Level 7 would put you into the intermediate/advanced category, that might take a bit of on-snow time unless you are extremely athletic.

Stumbling blocks
- bad boot selection and fitting
- psychological (read: fear and lack of training to deal with it)
- not enough snow time
- other physiological not taken care of at bootfitting (injury, out of shape for whatever reason)

The other secret is that we talk more about skis than about boots not because skis are more important, but because boots are so individual.

IMHO, once you have properly-fitted boots, almost -ANY- "intermediate" ski having 150-163cm length, a 71-77mm waist, and a 13-17m published radius will be enough to take you to level 6. Different models will have a different feel, but all should get you there, and maybe even provide for quite some fun between level 6 and level 7.

Beyond that, you will mostly know what you want.
tromano
April 28, 2008
Member since 12/19/2002 🔗
998 posts
Get boots first. After that skis, bindings, and the rest. My brother in law is a low intermediate and just got the Fischer RX4 as his first ski last year. He really likes them and even skied them here in UT when they came to visit. Seems like a decent ski for him as he was doing great on them and very confident.

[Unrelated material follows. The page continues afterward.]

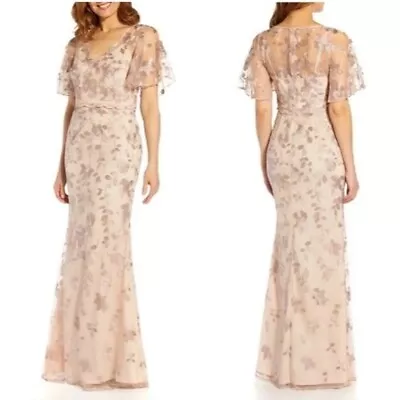 Adrianna Papell  Women Floral Embroidery Blush Mermaid Gown Maxi Lace Dress Sz 8 • $100.75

I think the big thing is just to go our and ski and get good instruction and then go out and ski some more.
Crush
April 28, 2008
Member since 03/21/2004 🔗
1,020 posts
can't agree more with T-man, comprex, et al. ... don't worry about skis... think boots.

i pride myself in being able to take any crap-pair-of-planks and make them do what i want ...
but no-one touches my boots, except two people in the entire world. every pair of boots i've had for the last 20 years have been the most important single piece of equipment i have had.

you need to go to the best bootfitter shop around and blow as much money as you can afford on the best boots you can buy. no one thing will give you more return for your money. it may take you a year or two seasons to dial-in those boots but it will set you up in the end for success.

your boots act as a gasket between your body and your skis - it is the most important interface.

i have skied on horrible-floppy rental skis made by a boat-builder (wally skis: Wally Skis ) that were no better than two rough-cut pine planks... and i still laid trenches @ deer valley.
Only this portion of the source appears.